[[ MATERIAL PROVIDED, beginning ]]
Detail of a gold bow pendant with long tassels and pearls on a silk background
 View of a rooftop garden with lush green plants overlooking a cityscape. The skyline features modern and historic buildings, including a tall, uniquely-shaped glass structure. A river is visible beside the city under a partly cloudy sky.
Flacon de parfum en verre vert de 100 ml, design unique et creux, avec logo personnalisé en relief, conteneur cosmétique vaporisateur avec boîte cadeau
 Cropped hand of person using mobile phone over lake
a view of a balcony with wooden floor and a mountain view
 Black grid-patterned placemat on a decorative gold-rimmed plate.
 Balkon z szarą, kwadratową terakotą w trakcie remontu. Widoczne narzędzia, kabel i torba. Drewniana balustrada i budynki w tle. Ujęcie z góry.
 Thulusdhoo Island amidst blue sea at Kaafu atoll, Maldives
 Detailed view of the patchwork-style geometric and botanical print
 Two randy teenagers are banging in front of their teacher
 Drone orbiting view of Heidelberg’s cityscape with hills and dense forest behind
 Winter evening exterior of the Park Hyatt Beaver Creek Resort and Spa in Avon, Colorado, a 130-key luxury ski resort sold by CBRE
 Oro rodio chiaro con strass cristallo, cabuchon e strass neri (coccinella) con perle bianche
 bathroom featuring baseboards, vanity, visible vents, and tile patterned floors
[[ MATERIAL PROVIDED, end ]]
» EXERCISE DETAILS
For this task, print the records again exactly as they appear.

» RESPONSE BOX
Detail of a gold bow pendant with long tassels and pearls on a silk background
 View of a rooftop garden with lush green plants overlooking a cityscape. The skyline features modern and historic buildings, including a tall, uniquely-shaped glass structure. A river is visible beside the city under a partly cloudy sky.
Flacon de parfum en verre vert de 100 ml, design unique et creux, avec logo personnalisé en relief, conteneur cosmétique vaporisateur avec boîte cadeau
 Cropped hand of person using mobile phone over lake
a view of a balcony with wooden floor and a mountain view
 Black grid-patterned placemat on a decorative gold-rimmed plate.
 Balkon z szarą, kwadratową terakotą w trakcie remontu. Widoczne narzędzia, kabel i torba. Drewniana balustrada i budynki w tle. Ujęcie z góry.
 Thulusdhoo Island amidst blue sea at Kaafu atoll, Maldives
 Detailed view of the patchwork-style geometric and botanical print
 Two randy teenagers are banging in front of their teacher
 Drone orbiting view of Heidelberg’s cityscape with hills and dense forest behind
 Winter evening exterior of the Park Hyatt Beaver Creek Resort and Spa in Avon, Colorado, a 130-key luxury ski resort sold by CBRE
 Oro rodio chiaro con strass cristallo, cabuchon e strass neri (coccinella) con perle bianche
 bathroom featuring baseboards, vanity, visible vents, and tile patterned floors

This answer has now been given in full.